But assuming Jokic clears the negative tests required for him to rejoin his team and is cleared to play for the remainder of the regular season and the playoffs, it is worth taking a look at some specific components of his game and how they might be affected by his weight loss.
The film study below is centered around three broad skill areas – scoring, defense and passing. – with a look at how Jokic’s game could be affected either negatively or positively in each by shedding so many pounds. As Jokic’s performance in the upcoming playoffs is what will be most critical, all of the plays in the videos below are from his only postseason sample so far, Denver’s two playoff series against the San Antonio Spurs and Portland Trail Blazers last year.
Scoring: How A Slimmer Jokic Might Struggle Or Thrive
The logical place to start here is with post-up plays, since it is undeniable that Jokic has made the most of his considerable size, strength and weight on a fair percentage of these possessions. All but the final play in the first video below show Jokic leveraging his bulk to gain the advantage when posting up, while using it in the last play to body Enes Kanter on a cutting drive. These are some of the plays where Jokic could potentially lose an edge by having lost weight.

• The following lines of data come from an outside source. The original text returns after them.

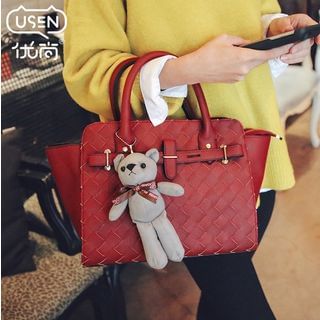 Youshine Woven Tote with Bear Charm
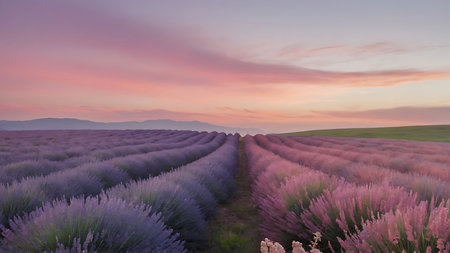 Lavender field at sunrise in Provence, France.の素材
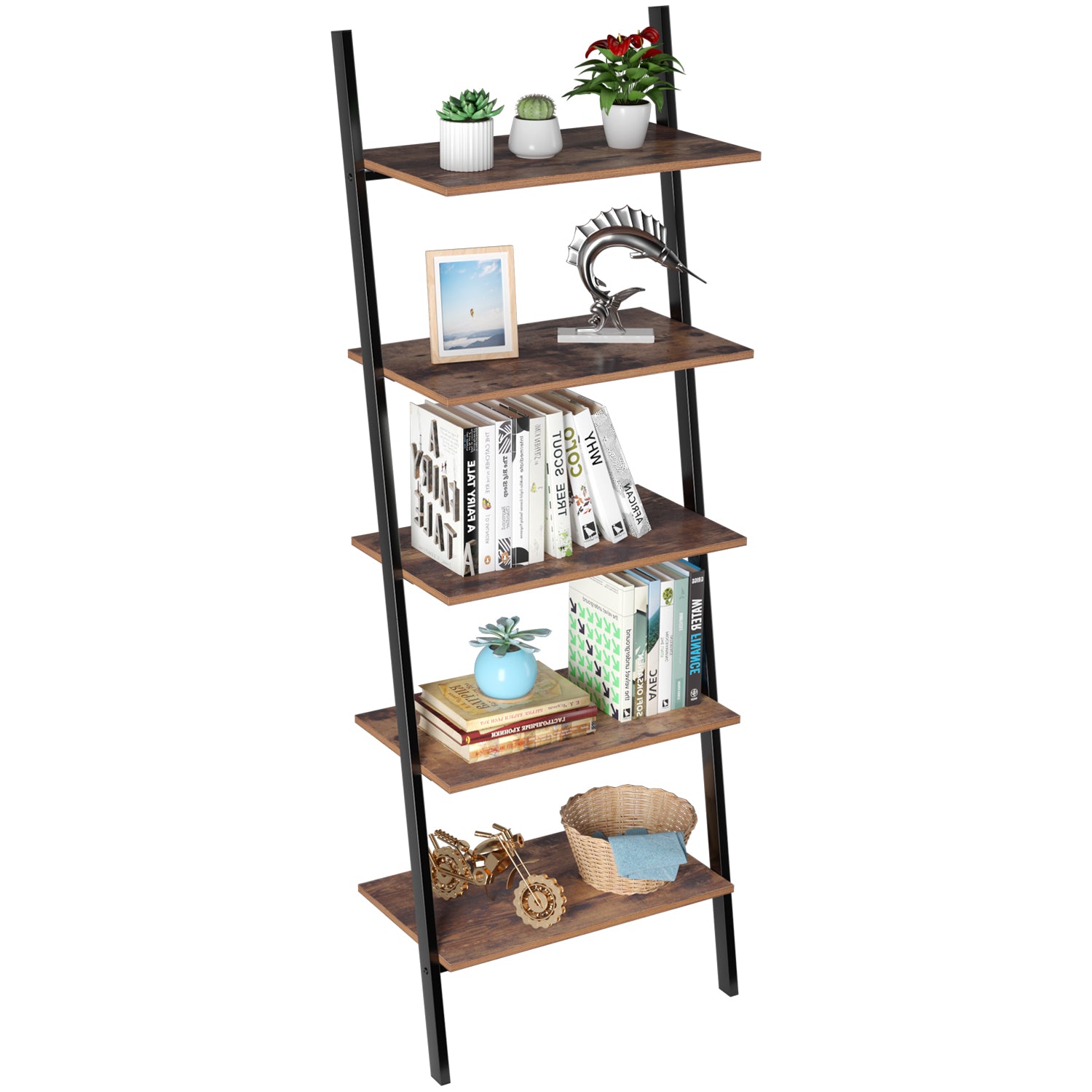 5 Tier Ladder Shelf Plant Flower Stand Leaning Wall Bookcase Storage Bookshelf Multipurpose Storage Organizer Display Rack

The post-ups here well represent the quality of Jokic’s game which most seem to be concerned about when it comes to his having lost so much weight, namely his proficiency at bullying his way near the basket to get himself into position for near-automatic buckets.
One important consideration here, however, is the question of how often he actually does this. By one measure, his pure post-up stats as cited above, it’s very often. But how much does Jokic’s physicality specifically come into play as a percentage of his scoring possessions?
I watched all 132 of his made field goals from Denver’s playoff run last year and counted just 18 of them in which he was clearly directly utilizing his body heft in his effort to score. While that’s 13.6%, which is a non-trivial share of his scoring possessions, the flip side is that Jokic’s bulk did not really come into play as a central component of how he was scoring on 86.4% of his made postseason field goals last year.
One important truth in this matter is that even on many of Jokic’s post-ups, his bulk has far less to do with his scoring prowess than his superb footwork and spatial awareness.
While “graceful” may not be the word that first comes to mind when many think of Jokic, perhaps it’s about time that it should. Just as often as Jokic plays “bully” he plays “ballet dancer,” stepping and spinning and head-faking his defender with a dazzling array of moves which open him up an easy path to the basket without needing to bang his way in there.
The first three plays in this second video – types of scoring possessions in which Jokic may well benefit from slimming down – feature post-ups where he uses his skill and guile rather than his bulk to get buckets.
It’s easy to imagine on these types of post plays that shedding some pounds could foster the better agility and quicker foot speed that would make these moves even more lethal.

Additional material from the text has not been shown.